The awkwardness of pro gamers is my spirit animal for 2017 pic.twitter.com/zLdvS70jSq
— Simon 🐺 (@SimonRoffe) January 2, 2017
Overwatch pro is too keen for a handshake
Brandon “Seagull” Larned is an American Overwatch player currently playing for NRG eSports. Safe to say he’s one of the more enjoyable and skilled Overwatch players to come out of North America. He’s a popular Twitch streamer, and has a loyal following of Overwatch fans looking to improve their own skills. If you’re into Blizzard’s latest gem, Seagull is well worth checking out: his gameplay makes for some highly enjoyable viewing.
Unfortunately, his skills in front of the camera don’t match his Overwatch skills behind the camera. He’s a quirky, nice kind of guy … almost too nice and “normal” looking to be much of a marketable asset. No one cares much for that because he’s just awesome at Overwatch, but something tells me this awkward handshake moment might keep him away from cameras for a while.
IdrA’s reaction time is put to the test
Greg “IdrA” Fields started his pro gaming career as a professional StarCraft II and Brood War player, before retiring to focus on school. He eventually returned to the scene with former team Evil Geniuses to play Heroes Of The Storm.

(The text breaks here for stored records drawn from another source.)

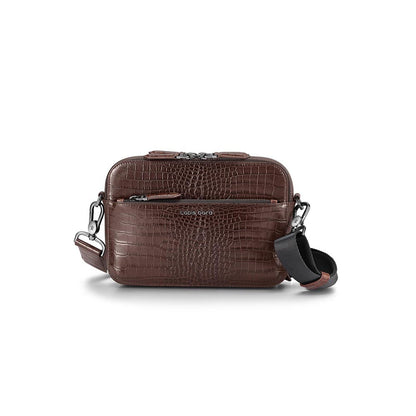 Lapis Bard Dark Brown Mandeville Croc-Textured Crossbody Bag with Detachable Strap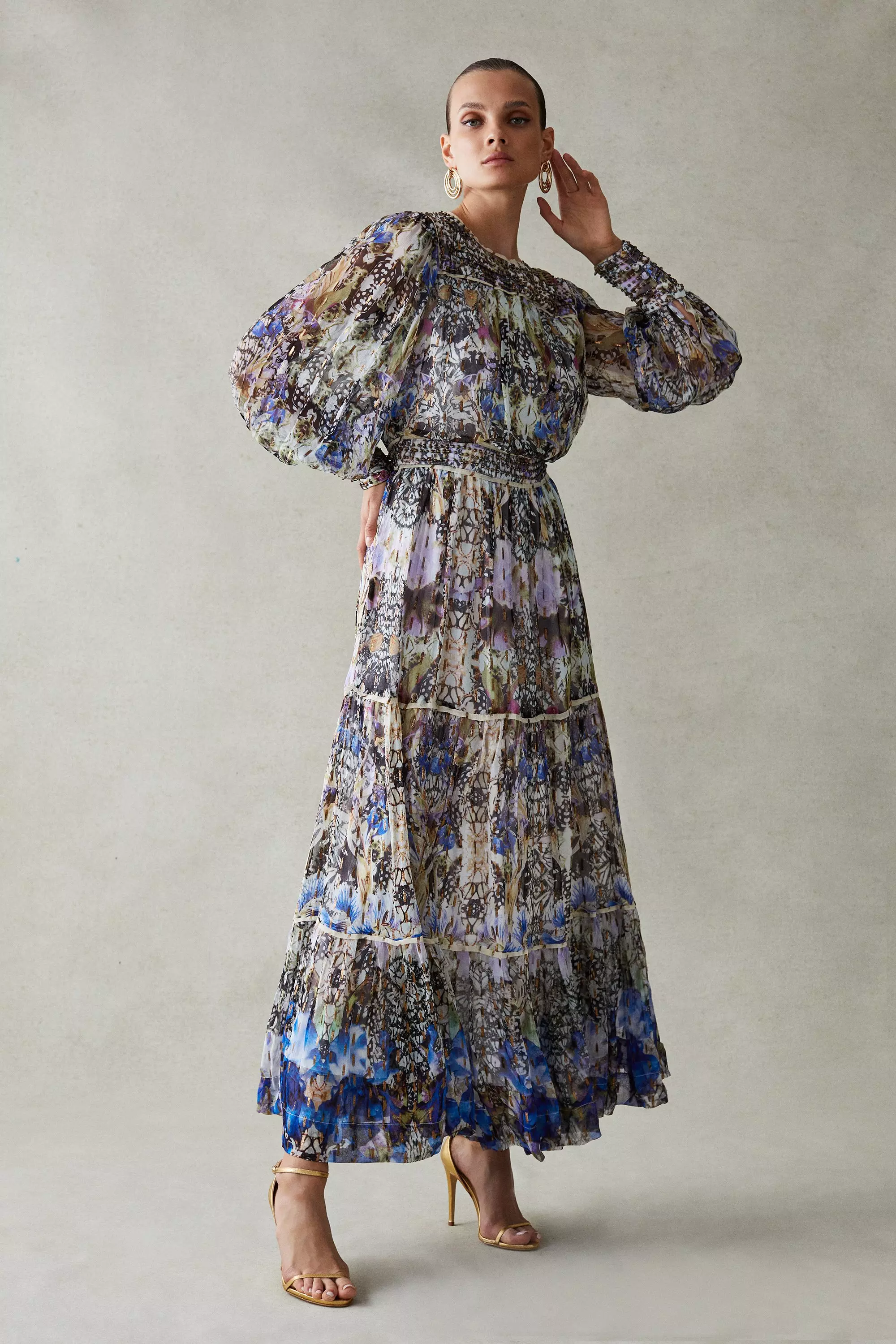 KAREN MILLEN フローラル ボーダー 花柄 プリント マキシドレス bkk10297_floral_xl?$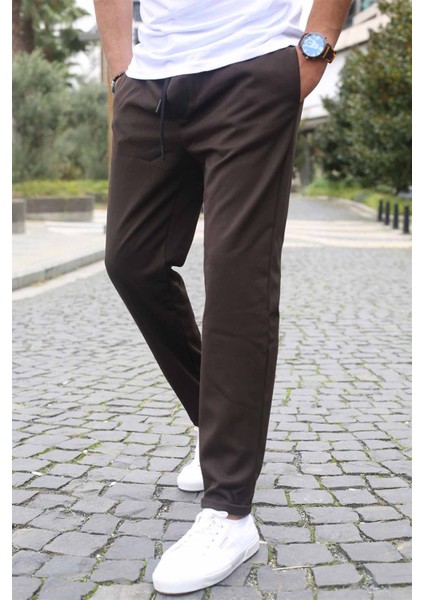 Kahverengi Basic Jogger Pantolon 5486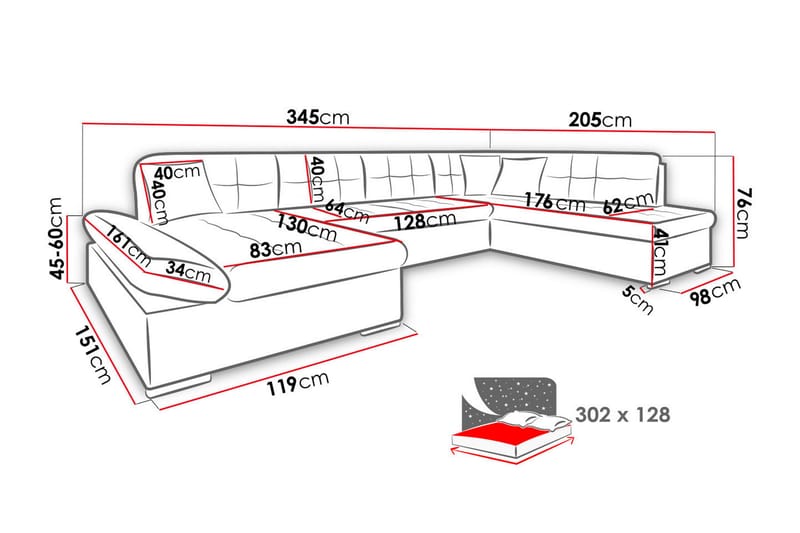 Jampra 8-sits Bäddsoffa Universal - Vit/Grå - Möbler - Soffa - Bäddsoffa - Bäddsoffa divan
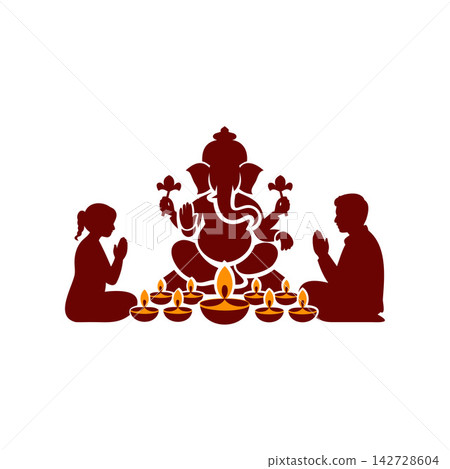 Family praying to Lord Ganesha silhouette illustration 142728604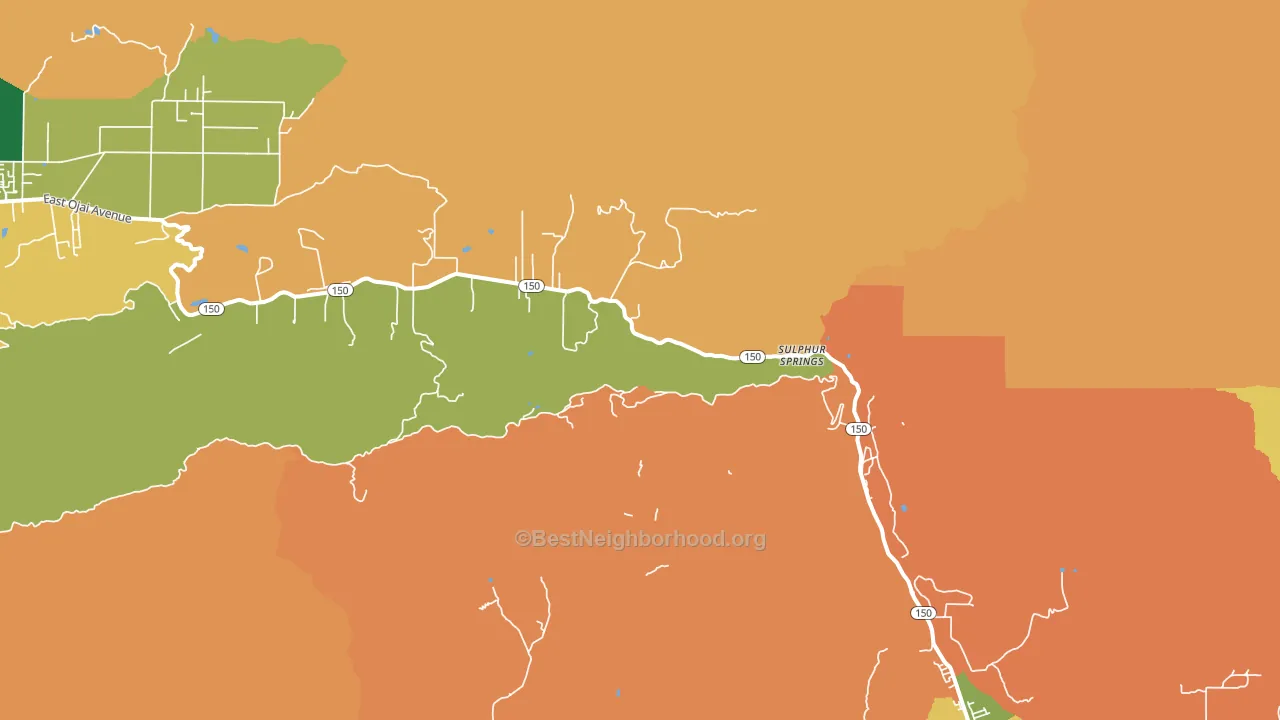 Sulphur Springs, CA block-group voter-turnout map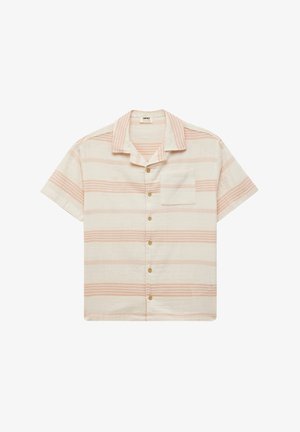 Koszula z krótkim rękawem w jasnym kremowym odcieniu z brzoskwiniowymi poziomymi paskami, z kieszenią na piersi i złotymi guzikami, wykonana z lekkiego materiału.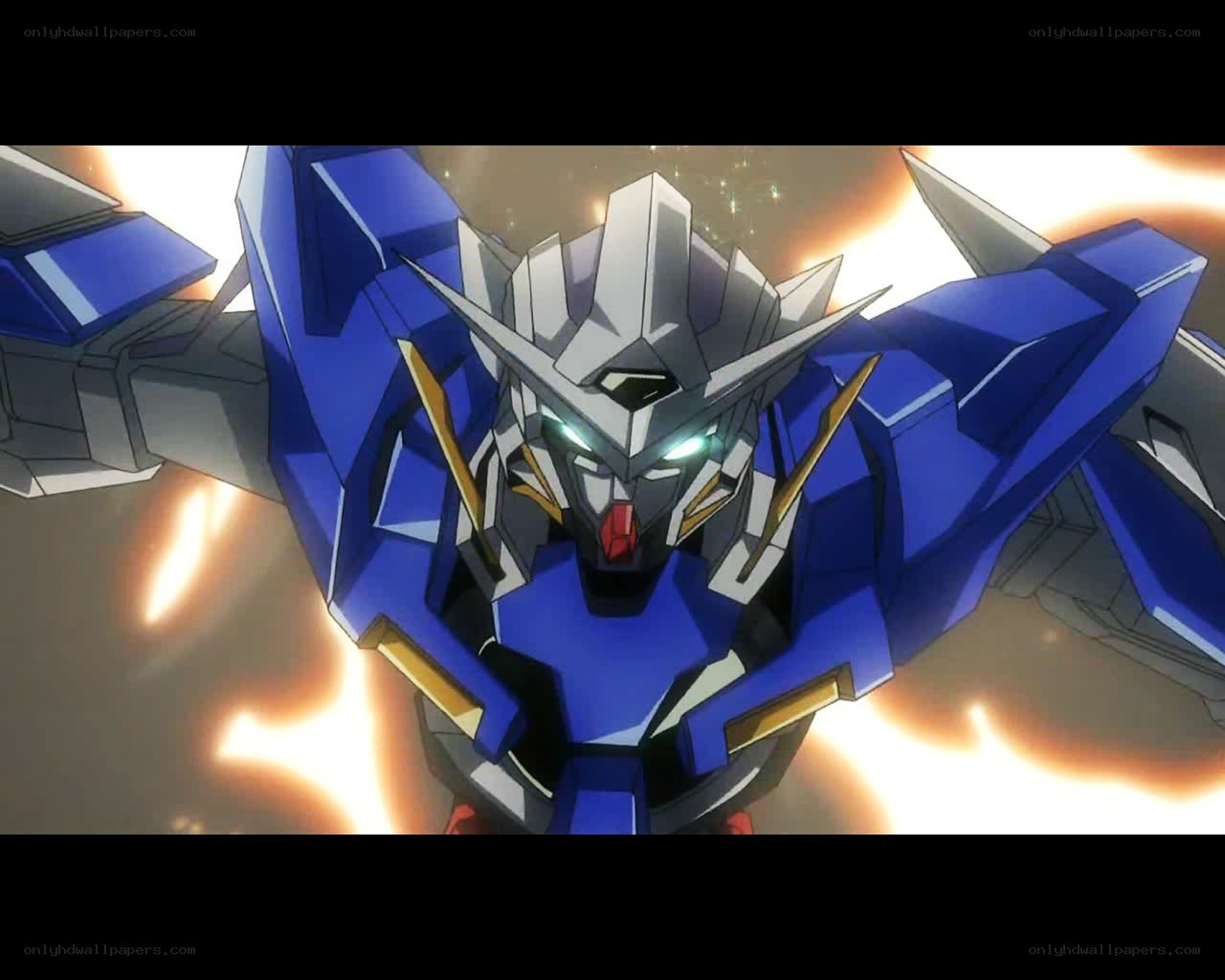 blue mobile suit in action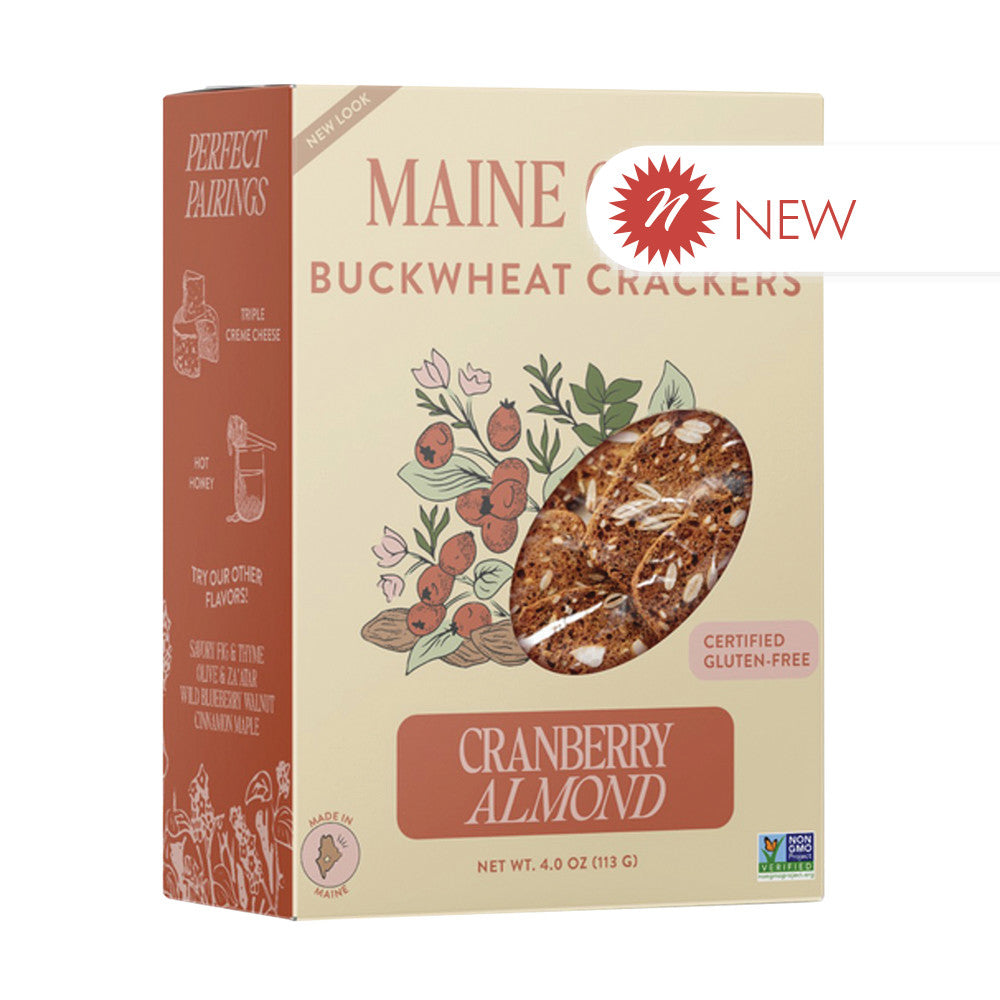 Wholesale Maine Crisp Buckwheat Crackers Cranberry Almond 4 Oz Box- Bulk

Unfortunately for him, his time away from the scene didn’t bury one moment he would rather forget: this super cringey non-high five with a broadcaster. The other man in the video was telling a story and attempted a rhetorical high-five, but IdrA took it literally and wanted to return the love but was about 3 seconds late. That reaction time can’t be good in pro gaming.
Heroes Of The Worst Intro Ever
The Grand Finals for Heroes Of Newerth definitely deserve a better presentation than this. Aside from the fact the entire broadcast is in what appears to a sex dungeon without electricity, the player introductions are done in complete darkness with no fanfare and absolutely no excitement from the players being introduced. The music is loud, the lighting is fierce and edgy, but the players? They just want to get on with it!
The most complicated handshake ever
Something tells me a simple handshake shouldn’t be this difficult. Freddy “KRiMZ” Johansson, a Swedish professional Counter-Strike: Global Offensive player who is considered to be one of the most consistent on the scene, doesn’t appear to have as fast response reflexes in real life as he does in games. Yet another moment of pure awkwardness as the interviewer offers to shake hands, but KRiMZ doesn’t know how to respond. Hilarity ensues.
The champagne ceremony that wasn’t to be
Yun “TaeJa” Young Seo was a professional Terran player in StarCraft II from South Korea. While he’s since retired, the internet never forgets. While his best moments of a pro are well-documented, it may have been this awkward victory ceremony that propelled him into mainstream notoriety. A victory drink should never be this difficult.